*Records to process*
==========
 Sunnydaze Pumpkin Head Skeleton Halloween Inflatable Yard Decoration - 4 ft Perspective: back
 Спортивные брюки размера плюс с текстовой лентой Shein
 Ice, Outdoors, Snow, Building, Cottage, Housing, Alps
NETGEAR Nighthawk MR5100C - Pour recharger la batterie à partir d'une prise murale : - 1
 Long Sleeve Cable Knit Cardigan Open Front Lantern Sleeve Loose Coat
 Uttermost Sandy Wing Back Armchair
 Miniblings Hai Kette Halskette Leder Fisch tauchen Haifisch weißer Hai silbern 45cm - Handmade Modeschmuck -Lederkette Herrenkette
==========
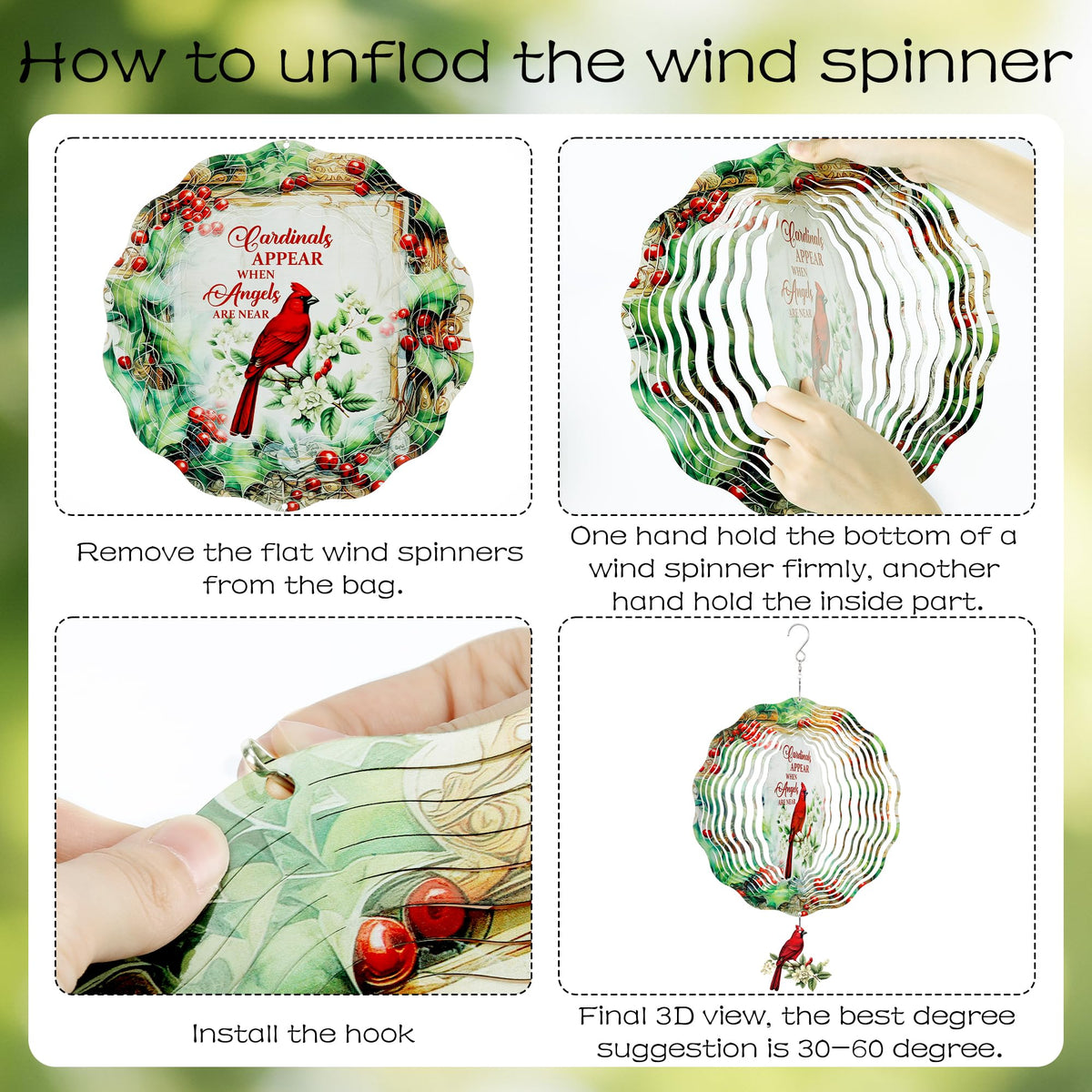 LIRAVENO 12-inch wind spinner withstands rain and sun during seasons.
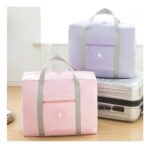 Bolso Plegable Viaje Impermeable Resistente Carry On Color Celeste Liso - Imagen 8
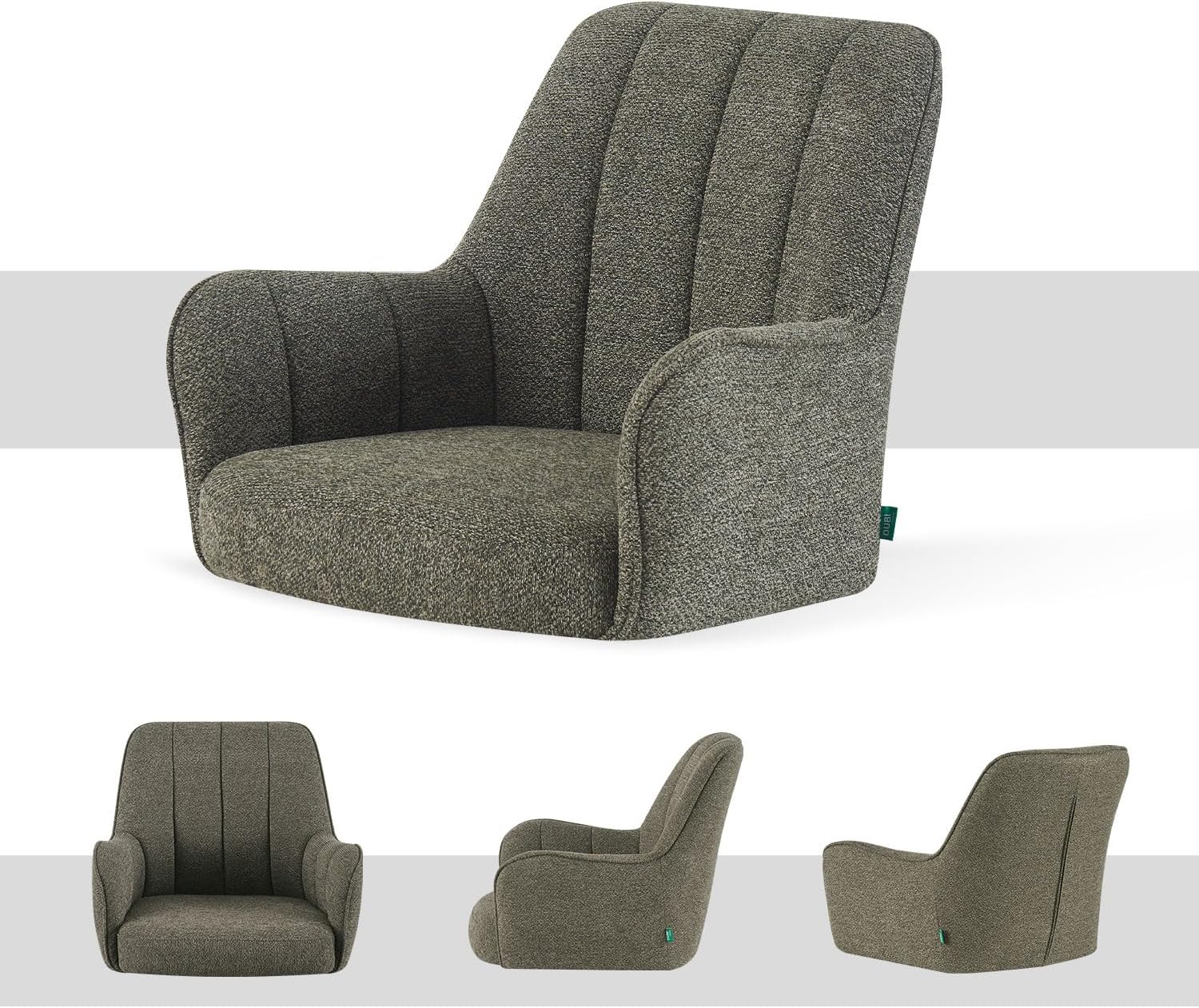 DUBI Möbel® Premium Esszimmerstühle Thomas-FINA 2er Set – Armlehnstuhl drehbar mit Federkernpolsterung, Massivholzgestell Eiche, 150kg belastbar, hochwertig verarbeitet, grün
==========
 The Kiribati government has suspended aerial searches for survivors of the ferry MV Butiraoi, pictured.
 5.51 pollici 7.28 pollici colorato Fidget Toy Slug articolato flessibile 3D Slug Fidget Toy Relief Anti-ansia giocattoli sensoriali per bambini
==========
*Aim of the exercise*
Copy the lines of the data above exactly as written, beginning with the line containing "Спортивные брюки размера" and ending with the line containing "Miniblings Hai Kette", and leave out all other lines.

*Response box*
 Спортивные брюки размера плюс с текстовой лентой Shein
 Ice, Outdoors, Snow, Building, Cottage, Housing, Alps
NETGEAR Nighthawk MR5100C - Pour recharger la batterie à partir d'une prise murale : - 1
 Long Sleeve Cable Knit Cardigan Open Front Lantern Sleeve Loose Coat
 Uttermost Sandy Wing Back Armchair
 Miniblings Hai Kette Halskette Leder Fisch tauchen Haifisch weißer Hai silbern 45cm - Handmade Modeschmuck -Lederkette Herrenkette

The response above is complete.